Are you planning to stay in the Sacramento region?
It’s up in the air. I’ll be doing a little bit of consulting independently as I look around the different jobs right now. I’m really trying to find a good fit; I want to stick with the next job for some years, as well. I’m really taking my time, making sure it’s a cultural fit. 

What will you miss about working in the public sector?
Certainly — and this holds true for federal as well as state government — when you get into a role that’s at the executive level, it’s pretty big, typically. I have … over 140 departments, 300,000-plus employees. It’s huge – it’s like a multinational corporation. The challenge is certainly something that drives me. That’s not to say the private sector isn’t challenging. I certainly will miss that aspect, and the mission’s a little different, too. Rare is the company that wishes to not make money. Our goal is to provide services to provide a safe, secure environment for all citizen data and services. We have no profit motive. If we do our job, [hackers] will never know we’re here. We are the last line of defense between us and the bad guy.That’s our sole job. I’m not asking people to go sell anything; you’re not here to make a profit. That’s a different mindset, and that’s something I’m going to miss.

We would not be here without the private sector. Everything, we leverage. The private sector is absolutely instrumental, and there is a reason why they build off profit: It’s called capitalism, and it allows us to innovate, move projects forward and do research. It’s just a different mindset.

What are you looking forward to about being back in the private sector?
It’s certainly a more agile environment, being able to flex a bit more with the threat as it comes out, seeing what the next thing is, and, depending on which company I go with, being able to tackle that challenge, build a new program, get it up and running, kind of like where we are now: We have the right team, hiring the right people — to me, that’s a lot of fun, getting everyone moving toward a single goal. I'm looking forward to doing that again.

Will you continue speaking in the area at professional conferences and the like?
The public role is something that I really do enjoy. I love talking about cybersecurity. It’s my passion, so any opportunity I can get to flap my lips and talk about it, I’m happy to do so.

What do you read to stay current?
I do a lot of reading. I love books, especially those that are looking at future state stuff. I listen to podcasts; I like Richard Clarke. ... There are really great articles out there — you look at Wired, you look at Dark Reading. … That allows us to look a bit broader: What are the other states getting hit with? What are they paying attention to? Who is the federal government paying attention to? The intelligence community? It all kind of congeals together and gives you a sense of what to worry about and what’s coming next.

Why did you choose to leave state government now?
There’s a variety of factors that played in.
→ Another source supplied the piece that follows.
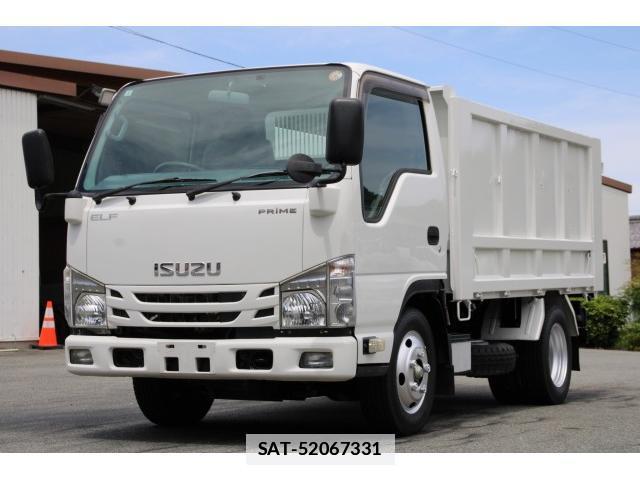Isuzu ELF TRUCK 2017-03 7793499-0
One of the big decisions was timing — the new administration coming in. I was just coming off my parental leave; it didn’t fall apart at the seams when I was gone. I have a good deputy, a good team in place. If I were to leave, this was an opportune time to do it: It allows the new administration to get someone in. We have the continuity, so that definitely played into it. If I’m going to move, I want to do it now before the kids get a little bit older. All these factors kind of contributed. Going into the private sector, it would be nice to make a little bit of money as well, there’s no doubt about it, because now I have two colleges to pay for.  

Would you ever consider a state CIO role?
No. I certainly have the opportunity to go do a CIO role in the private sector now, for example. Cybersecurity is my passion. I’ll stick with CISO for quite awhile. I’ve thought about it; I have the capabilities and the technical skill set to do it. I just love the security side too much.

Do you ever want to write a book?
Eventually – I have quite a few books. I’d love to do a fiction book. If you’re going to look at someone now and where they are … Richard Clarke is an example. He writes fiction and non-fiction; he’s had unbelievable experiences working as the terrorism czar and for multiple administrations … so he’s got the non-fiction piece there, but he writes some great fiction. I’d love to do that.